Report
Gambling participation and the prevalence of problem gambling survey: Experimental statistics stage
Gambling Commission report produced by NatCen on the experimental statistics stage of the gambling participation and the prevalence of problem gambling survey.
Contents
- Executive summary
- Introduction
- Methodology and response
- Testing an alternative approach to the selection of participants within households
- Introduction
- Completion rates in responding households
- Adherence to participant-selection instructions
- Duplicate cases
- Household clustering
- Prevalence of gambling behaviours
- Conclusion
- Measuring gambling-related harms
- Testing different approaches to asking questions about gambling participation
Conclusion
The four-point answer scale (condition A) showed improvements over the prior three-point scale, with more logical sequences of endorsement and reduced item non-response. It also provides more analytical opportunities than the binary 'yes' or “no” option (condition B).

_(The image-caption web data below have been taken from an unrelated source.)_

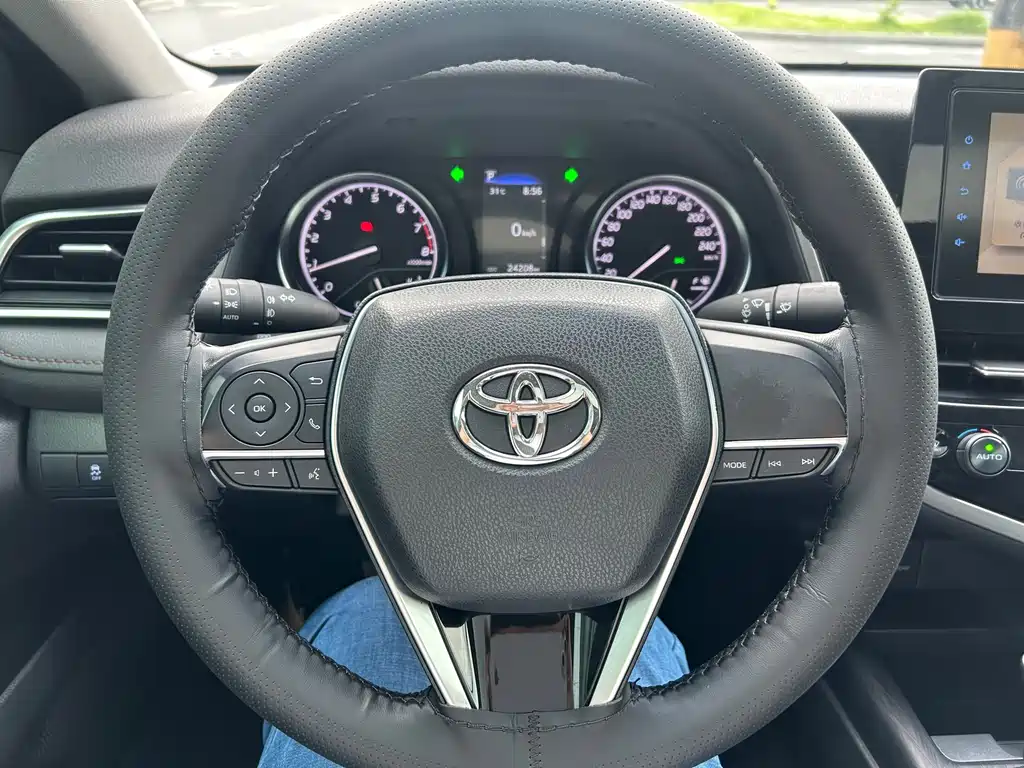 Toyota Camry 2023 — фото 11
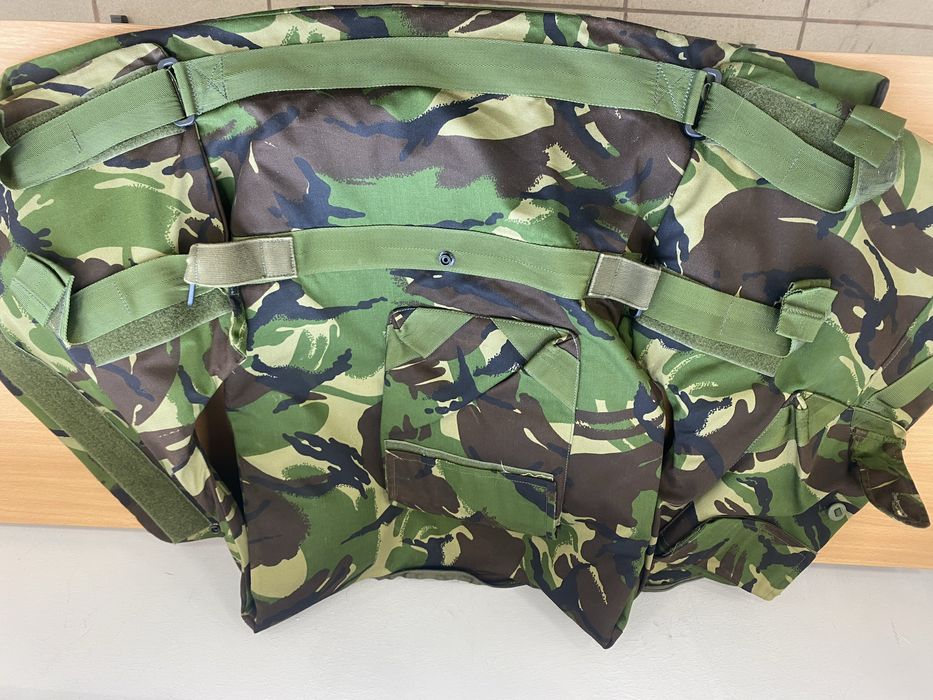 Плитоноска в камуфляжі DPM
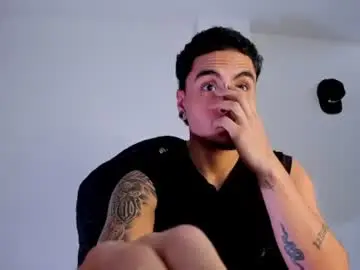 Chaturbate Nude Webcam of alexander_ftm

For most harms, those responding yes' in condition B (binary answer option) produced similar endorsement rates to those responding 'fairly often or very often' in condition A. However, for some harms (such as lying to family and others about the extent of one’s gambling) those answering 'yes' likely included people who only experienced this once or twice.
Contrary to expectations, those answering 'yes' at the harms from others questions displayed less consistent patterns of association with personal wellbeing.
The changes to the screening questions to route people into the harms from others questions have resulted in improvements, matching the rate closer to the gambling participation rate.
Some of the harms from others answer options differed, potentially confusing participants by switching between different scales.
Some analytical ambiguity was identified in the gambling suicidality questions. The wording and routing for these questions should be determined by the data needs.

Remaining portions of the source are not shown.